__Required action__. Beginning with the line of the entries below that holds "Mobile Bagno In" and ending with the line that holds "Enamelled Iron Two-Tiered Cupcake Stand", transcribe each line exactly as written. Pictures stay out.

__Material for the task__.
----------------------------------------
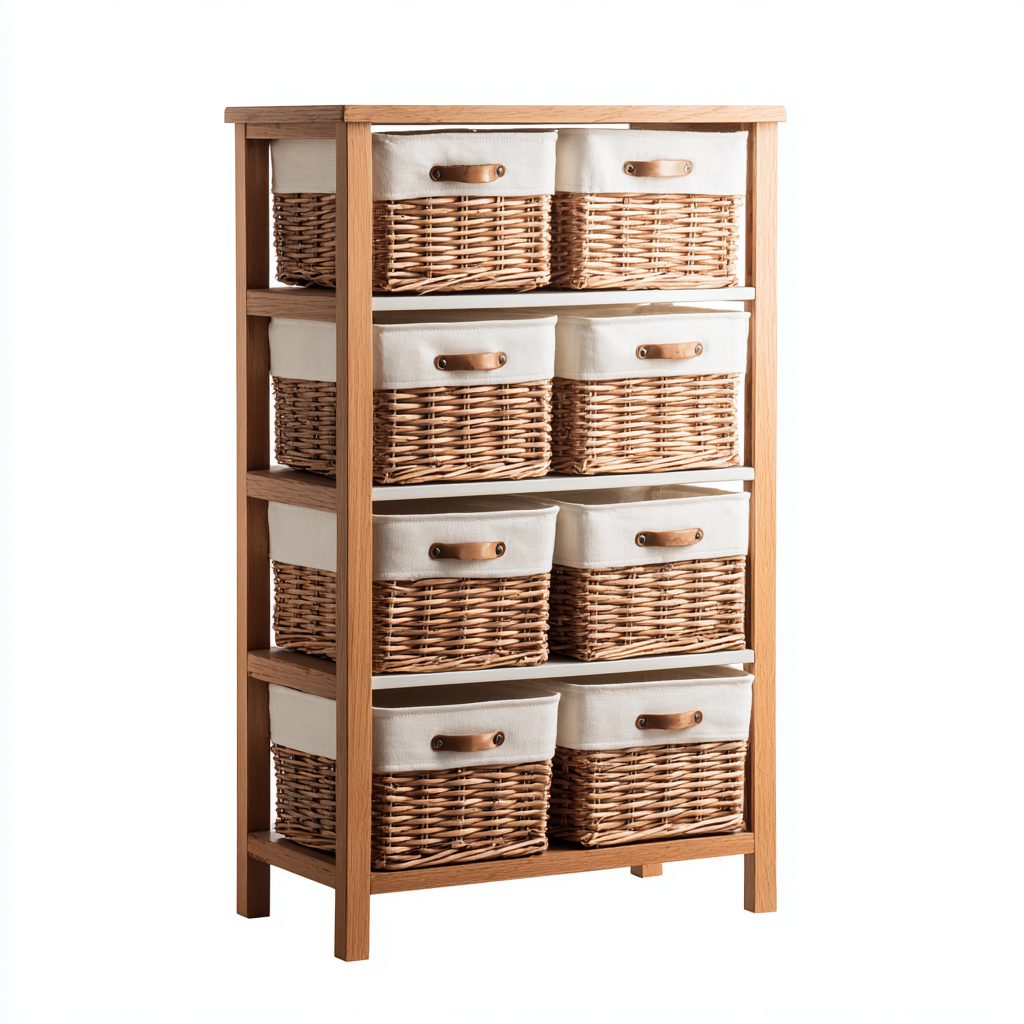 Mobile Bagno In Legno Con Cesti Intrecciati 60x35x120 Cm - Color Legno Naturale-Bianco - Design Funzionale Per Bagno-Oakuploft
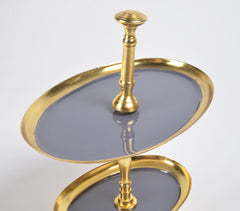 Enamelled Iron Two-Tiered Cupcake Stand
----------------------------------------
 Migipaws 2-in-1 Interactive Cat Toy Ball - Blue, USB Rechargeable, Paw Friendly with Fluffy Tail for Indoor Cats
----------------------------------------
__Final answer__.
 Mobile Bagno In Legno Con Cesti Intrecciati 60x35x120 Cm - Color Legno Naturale-Bianco - Design Funzionale Per Bagno-Oakuploft
 Enamelled Iron Two-Tiered Cupcake Stand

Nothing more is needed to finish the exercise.